#### What you are asked to do
Retype the lines below exactly, from the one that contains "eficiente y segura.'" through the last, and leave every picture out.

#### Given material
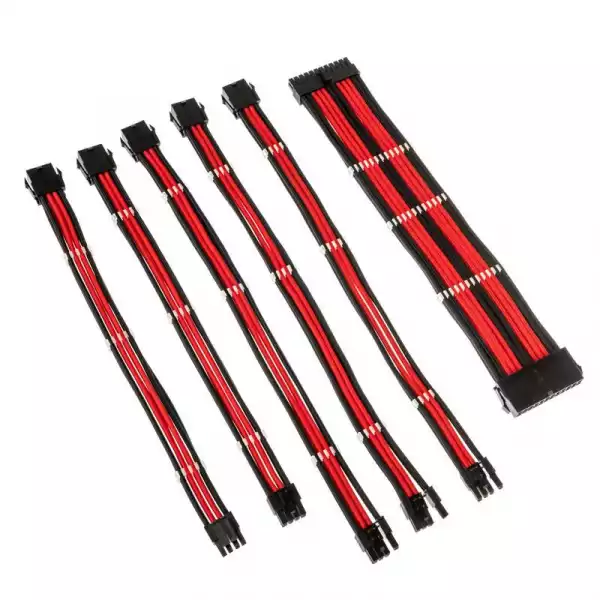 Комплект оплетени кабели Kolink Core, Black/Red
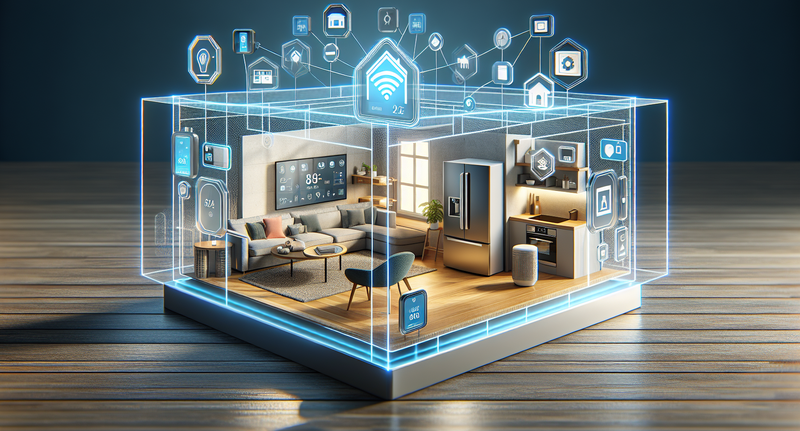 'Imagen ilustrativa de dispositivos conectados mediante la tecnología Zigbee en una red PAN, mostrando comunicación inalámbrica eficiente y segura.'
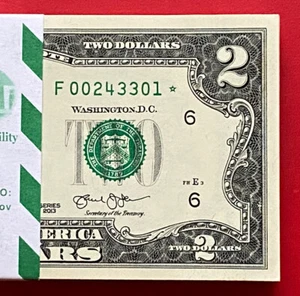 STAR NOTE $2 Dollar Bill, ATLANTA 2013,Uncirculated,Consecutive - Picture 1 of 3
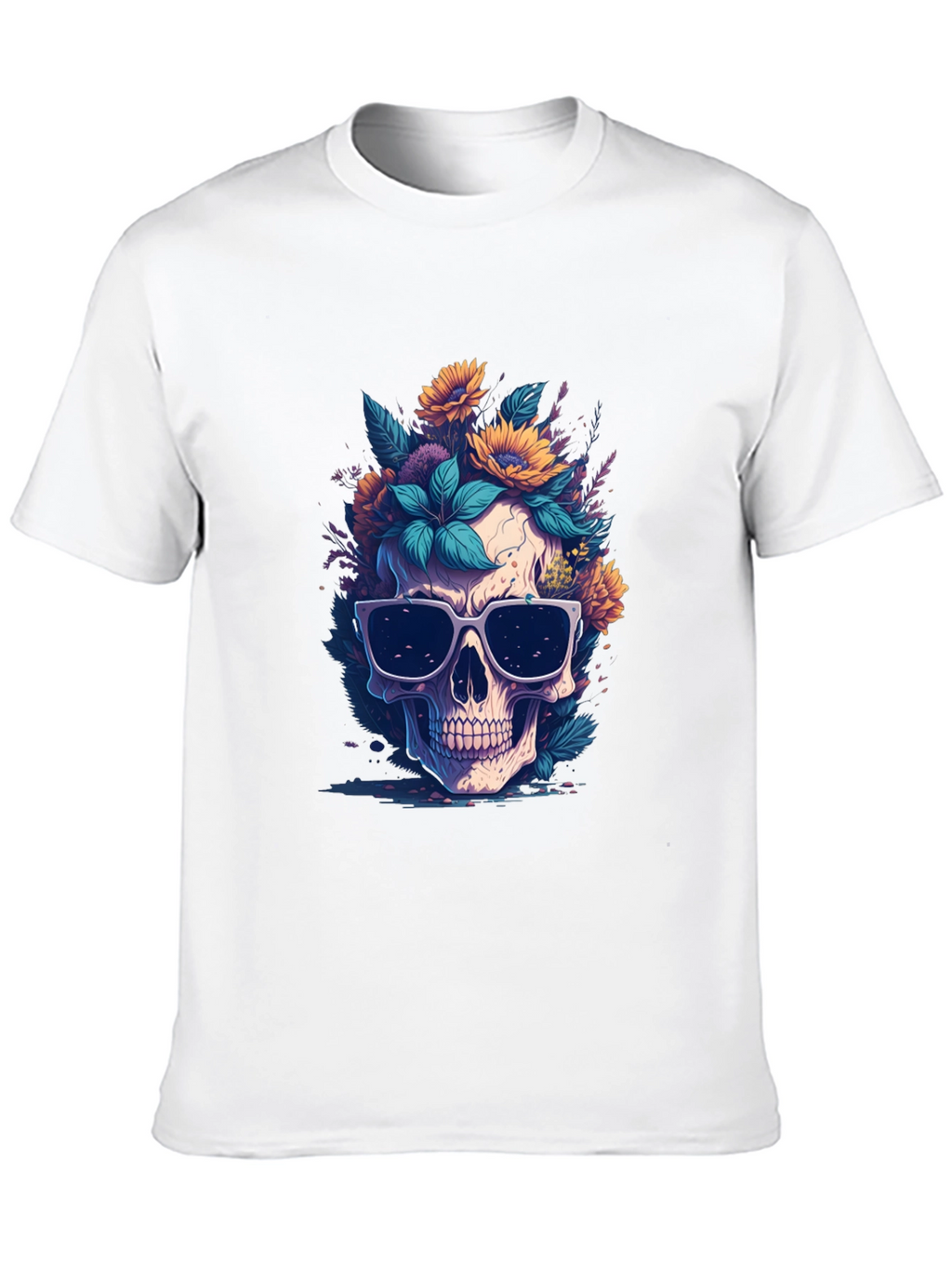 Skull & Flowers Graphic Black Tee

#### Answer to this exercise
 'Imagen ilustrativa de dispositivos conectados mediante la tecnología Zigbee en una red PAN, mostrando comunicación inalámbrica eficiente y segura.'
 STAR NOTE $2 Dollar Bill, ATLANTA 2013,Uncirculated,Consecutive - Picture 1 of 3
 Skull & Flowers Graphic Black Tee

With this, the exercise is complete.